Print the entries in full, word for word, but not the pictures.

•••

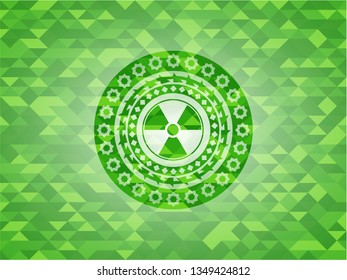 nuclear, radioactive icon inside realistic green emblem. Mosaic background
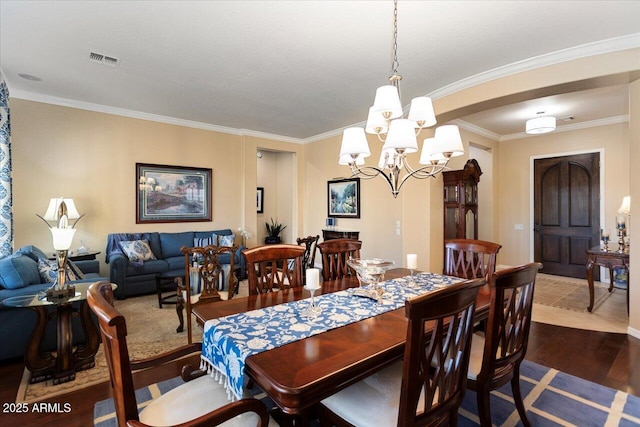 dining room with dark wood-style floors, visible vents, a chandelier, and crown molding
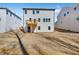 Exterior of new construction home with a small wood deck and a graded backyard at 31 Bennett Farm Dr, Loganville, GA 30052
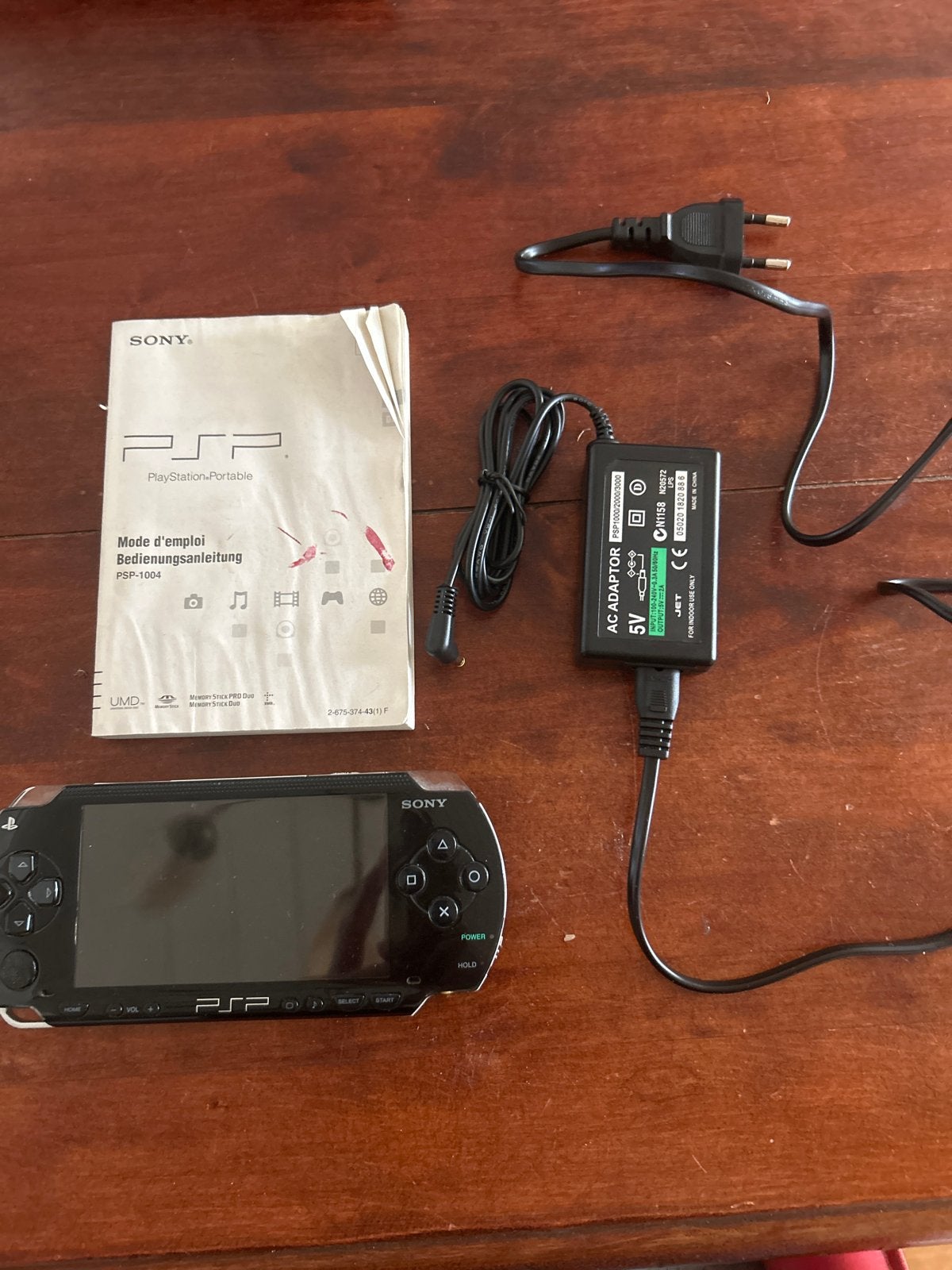 Sony PSP-1004 met batterij en nieuwe oplader, Ophalen of Verzenden, Gebruikt, Zwart, PSP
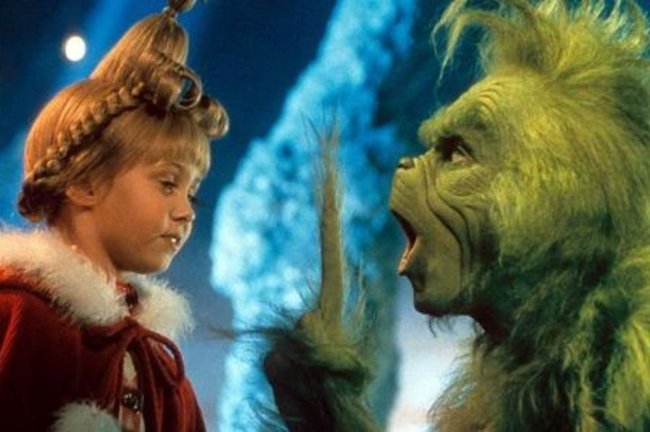 o-grinch Uma criança com cabelos loiros e uma criatura com pelo verde conversando.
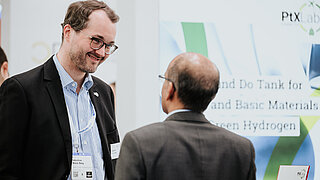 Sebastian Wiese-Beeg vom PtX Lab Lausitz im freundlichen Gespräch mit einem Besucher auf der Hannover Messe 2025. Er trägt ein Namensschild und lächelt; im Hintergrund ist ein Teil der Infotafel des „Think and Do Tank“ zu sehen.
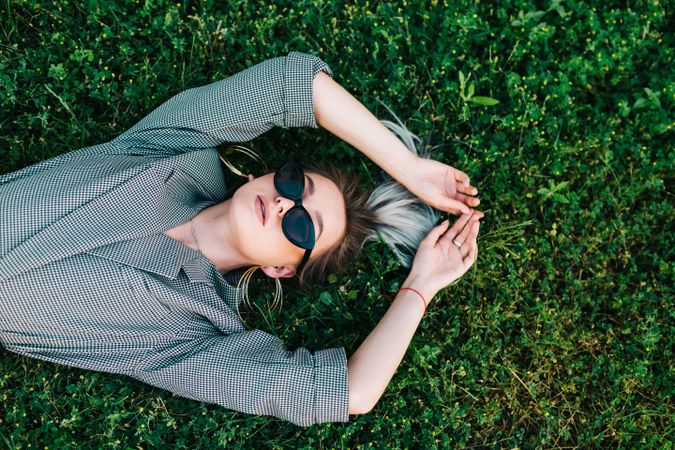 Woman in stylish suit lying in grass
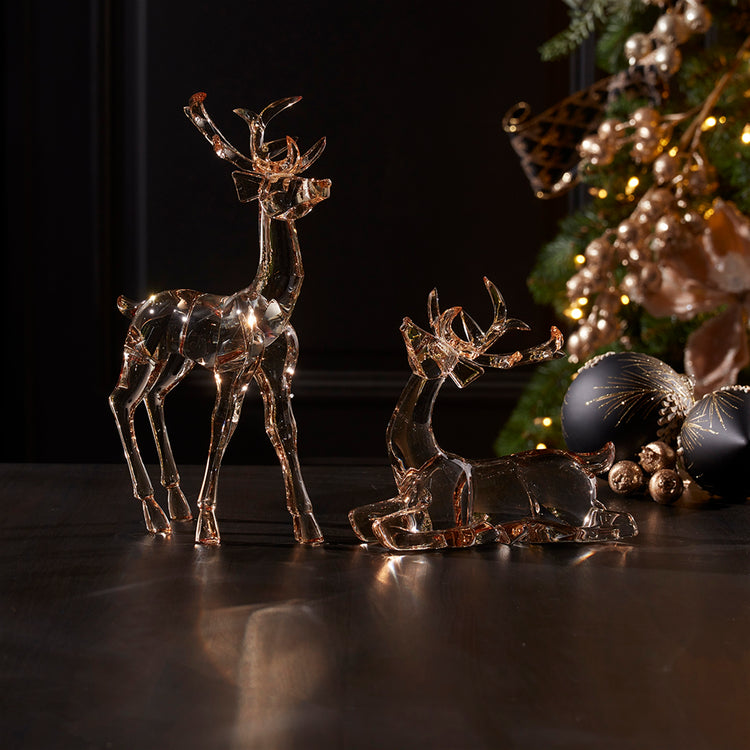 Two acrylic deer figurines with gold accents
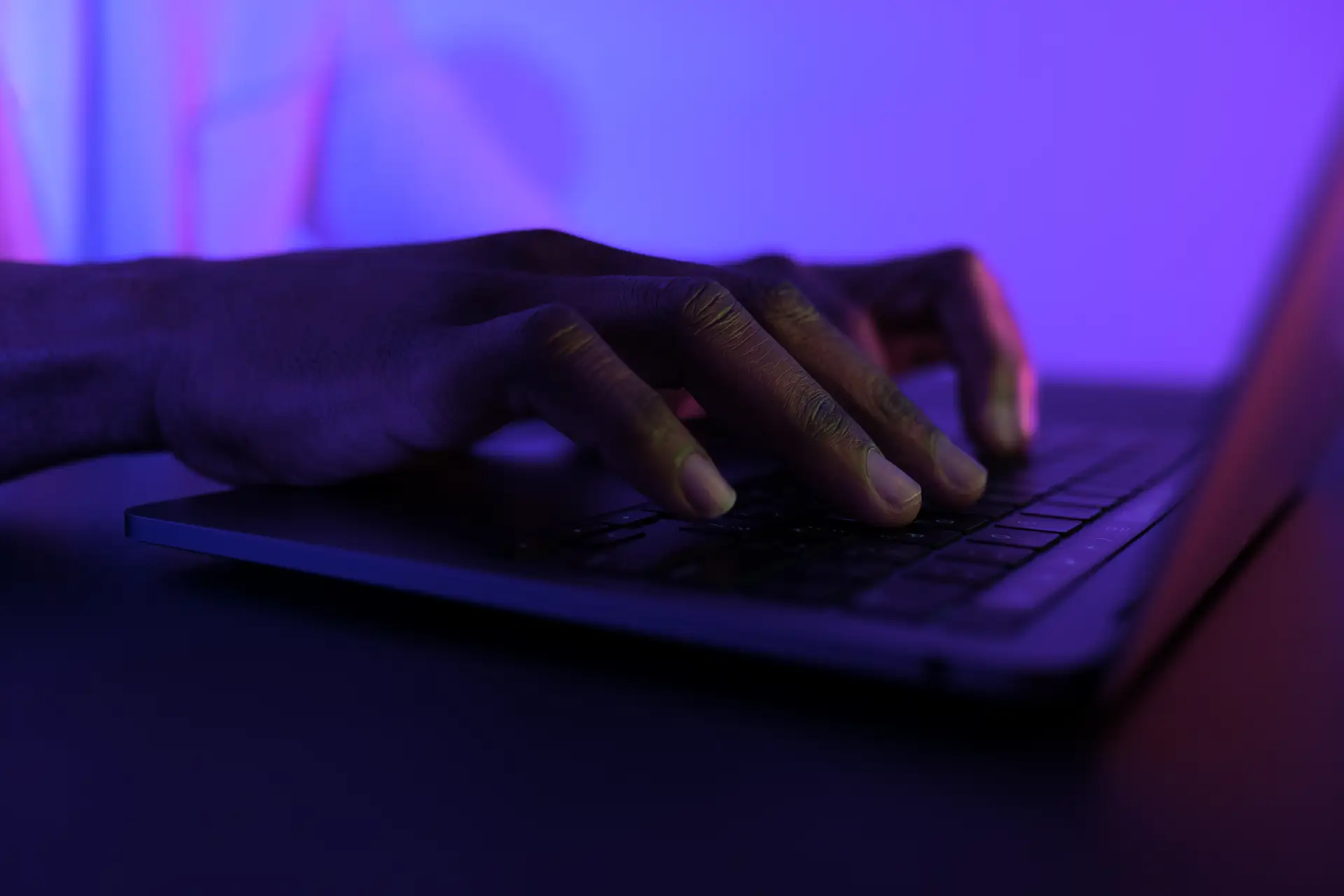 hand typing on laptop with purple filter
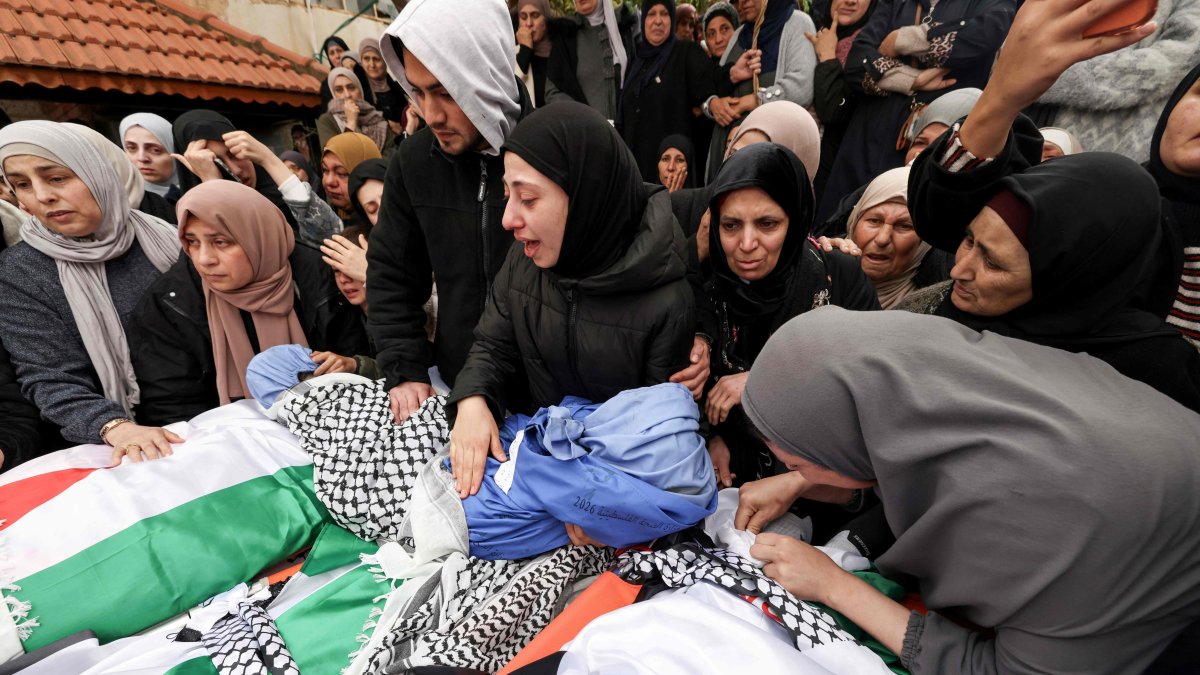 Family members grieve over the bodies of four members of a Palestinian family, including two children, killed by Israeli soldiers in their vehicle, during their funeral in the Israeli-occupied West Bank's northern town of Tammun, March 15, 2026. (AFP Photo)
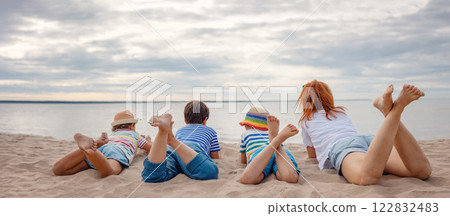 Group of for people lying on the sunny sand beach. Group of for people lying on the sunny sand beach. 122832483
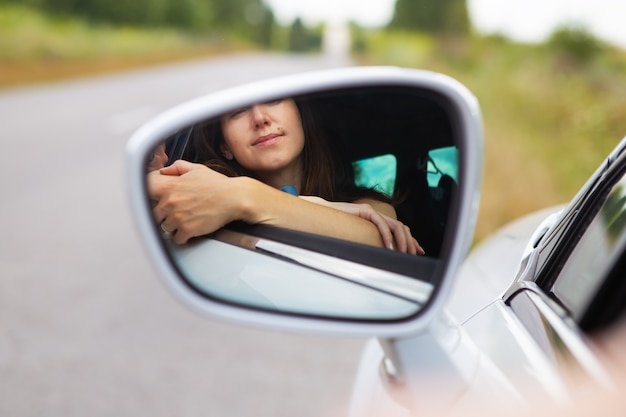 Ein junges Mädchen, das ein Auto fährt, das Mädchen schaut in den Seitenspiegel. Lieferung für das Recht, ein Auto zu fahren.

•••

Result =
 nuclear, radioactive icon inside realistic green emblem. Mosaic background
 dining room with dark wood-style floors, visible vents, a chandelier, and crown molding
 Exterior of new construction home with a small wood deck and a graded backyard at 31 Bennett Farm Dr, Loganville, GA 30052
 Sony PSP-1004 met batterij en nieuwe oplader, Ophalen of Verzenden, Gebruikt, Zwart, PSP
 o-grinch Uma criança com cabelos loiros e uma criatura com pelo verde conversando.
 Sebastian Wiese-Beeg vom PtX Lab Lausitz im freundlichen Gespräch mit einem Besucher auf der Hannover Messe 2025. Er trägt ein Namensschild und lächelt; im Hintergrund ist ein Teil der Infotafel des „Think and Do Tank“ zu sehen.
 Woman in stylish suit lying in grass
 Two acrylic deer figurines with gold accents
 hand typing on laptop with purple filter
 Family members grieve over the bodies of four members of a Palestinian family, including two children, killed by Israeli soldiers in their vehicle, during their funeral in the Israeli-occupied West Bank's northern town of Tammun, March 15, 2026. (AFP Photo)
 Group of for people lying on the sunny sand beach. Group of for people lying on the sunny sand beach. 122832483
 Ein junges Mädchen, das ein Auto fährt, das Mädchen schaut in den Seitenspiegel. Lieferung für das Recht, ein Auto zu fahren.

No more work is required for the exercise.